"CLUPS": A New Culture Medium for the Axenic Growth of Entamoeba histolytica.

Amebiasis remains a major health problem in Mexico. Therefore, the search for better culture media and low-cost diagnostic and therapeutic tools is fundamental. We present a new culture medium for Entamoeba histolytica which allows the microbe to preserve its virulence factors and ability to induce hepatic abscesses in animal models. The novel CLUPS medium is an improved version of the PEHPS medium, previously designed in our laboratory. The main difference is the substitution of raw beef liver in PEHPS by raw beef lung in the CLUPS medium. To compare the performance of three-culture media (traditional TYI-S-33, PEHPS, and CLUPS), E. histolytica trophozoites were cultured in quintuplicate, followed by the evaluation of phospholipase activity and the induction of liver abscesses in golden hamsters. E. histolytica trophozoites grew significantly better in CLUPS medium than in TYI-S-33. Likewise, CLUPS-cultured trophozoites produced significantly more phospholipases than TYI-S-33-cultured trophozoites. Finally, trophozoites grown in any of the three tested media had similar potential to induce liver abscesses.

1. Introduction

Amebiasis is one of the main causes of infectious disease in Mexico and African countries. The World Health Organization reported in 1997 that there were about 40 million disease cases worldwide per year and estimated that over 400 million people were asymptomatically infected [1, 2]. Unfortunately, there are no more recent world reports.
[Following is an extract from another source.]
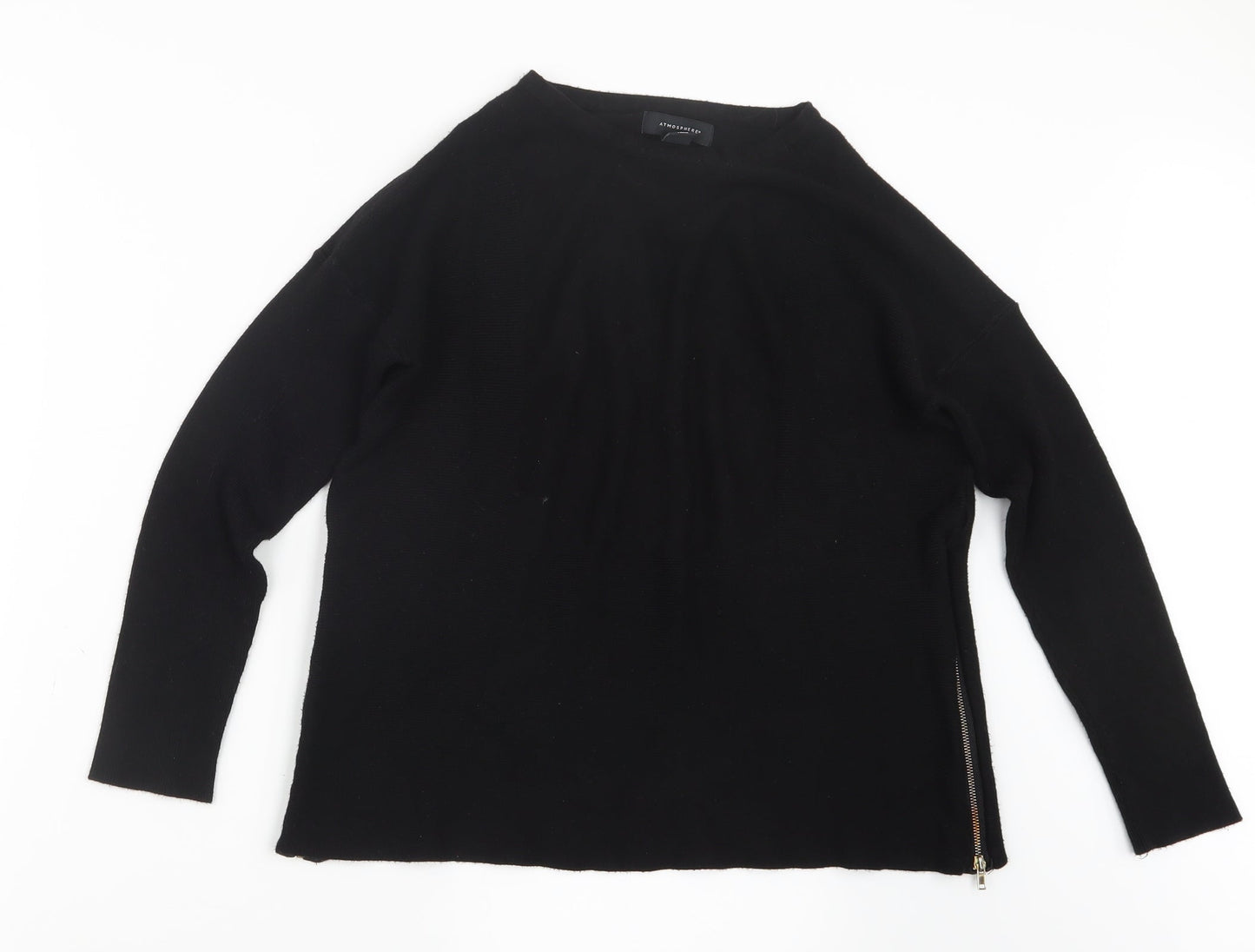 Atmosphere Womens Black  Knit Pullover Jumper Size 10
On the other hand, since the start of this century, novel nonpathogenic Entamoeba species have been recognized [3, 4]. Ongoing improvement of molecular diagnostic tools facilitates a better differentiation and identification of species [5]. The incorporation of new diagnostic techniques confirms that the protozoan pathogen Entamoeba histolytica remains a major cause of gastrointestinal disease in Mexico and other parts of the world [6, 7]. PCR-based studies reveal that E. histolytica is present in 16-20% of people with a gastrointestinal disorder [6, 7]. Better culture media could facilitate the in vitro study of microorganisms such as E. histolytica. Ideally, cultured parasites should present the same growth and virulence characteristics as their counterparts in their natural habitat [8]. Axenic cultivation of E. histolytica was first accomplished by Diamond in 1961 [9], using a diphasic medium composed of a serum-enriched agar base covered by a broth supplemented with chicken extract and vitamins. In 1968, Diamond described a new monophasic medium called TPS-1 [10] that received great acceptance among researchers who cultivated amebas. In 1978, a new medium was introduced that contained a yeast extract instead of Panmede (a papain digest of ox liver) [11]. This new medium, TYI-S-33, became the most popular [11]. A casein-free alternative, YI-S, has never been widely used [12, 13]. In 1988, our group reported an in-house developed axenic culture medium, PEHPS [14]. PHEPS is based on TPS-1 but replaces Panmede with the pancreatic digest of raw beef liver as described in [14]. The main components of the E. histolytica axenic culture media are a source of peptides, amino acids (trypticase or casein digest peptone), nucleic acids (yeast extract), carbohydrates (glucose), lipids (serum), and vitamins. The development of a new culture medium for intestinal protozoan allows learning about the biology of parasites, their growth rate, virulence factors (like phospholipase activity), susceptibility to new drugs, and the appearance of resistant strains, among other aspects [15].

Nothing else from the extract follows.